Une mode à tout faire. Voyager, c’est accepter l’imprévu. Et côté garde-robe aussi il faut du flexible.  » Quand je crée des vêtements, ils ne sont jamais définis par une occasion ou un certain moment de la journée. Ils doivent s’adapter aux circonstances. Robe du jour ou du soir, pour moi cela n’a pas de sens. Je n’ai pas non plus en tête l’image de la personne sensée les porter. L’important, c’est d’être bien dedans.  »

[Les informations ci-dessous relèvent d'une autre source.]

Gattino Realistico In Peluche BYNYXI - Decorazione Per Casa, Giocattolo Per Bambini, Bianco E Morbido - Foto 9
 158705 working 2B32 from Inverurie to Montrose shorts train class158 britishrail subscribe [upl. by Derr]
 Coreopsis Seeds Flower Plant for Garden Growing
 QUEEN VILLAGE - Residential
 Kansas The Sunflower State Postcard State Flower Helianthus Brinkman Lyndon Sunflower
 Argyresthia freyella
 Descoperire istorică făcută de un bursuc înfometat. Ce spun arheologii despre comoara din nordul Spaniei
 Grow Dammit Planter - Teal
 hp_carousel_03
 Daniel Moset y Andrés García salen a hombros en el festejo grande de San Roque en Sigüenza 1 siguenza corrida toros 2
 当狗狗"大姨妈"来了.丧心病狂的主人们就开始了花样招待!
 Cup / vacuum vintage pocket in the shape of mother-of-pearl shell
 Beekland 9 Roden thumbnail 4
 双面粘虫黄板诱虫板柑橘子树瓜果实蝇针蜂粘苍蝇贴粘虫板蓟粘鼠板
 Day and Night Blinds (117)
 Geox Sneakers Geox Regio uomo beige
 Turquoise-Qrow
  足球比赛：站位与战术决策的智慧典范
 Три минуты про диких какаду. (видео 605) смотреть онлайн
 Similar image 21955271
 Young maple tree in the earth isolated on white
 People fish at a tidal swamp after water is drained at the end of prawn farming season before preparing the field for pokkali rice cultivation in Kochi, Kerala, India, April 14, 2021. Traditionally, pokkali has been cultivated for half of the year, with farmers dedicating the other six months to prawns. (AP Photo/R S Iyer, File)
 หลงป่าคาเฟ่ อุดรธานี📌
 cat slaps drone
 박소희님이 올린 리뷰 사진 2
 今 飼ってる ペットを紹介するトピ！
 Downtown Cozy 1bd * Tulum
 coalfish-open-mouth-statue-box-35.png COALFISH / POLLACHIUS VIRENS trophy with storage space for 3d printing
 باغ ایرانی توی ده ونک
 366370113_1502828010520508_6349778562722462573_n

Une beauté sans soucis. Le secret bien gardé du teint parfait de Jade ? Le luxe de la crème Orchidée Impériale, peut-être. L’effet bonne mine d’une Terracotta, sans doute.  » Mais ce qui rend belle, c’est le bonheur. Prendre le temps de réfléchir. De s’arrêter, d’écouter le silence. J’aime marcher, courir. J’ai besoin de vivre dehors. D’être entourée d’eau.  »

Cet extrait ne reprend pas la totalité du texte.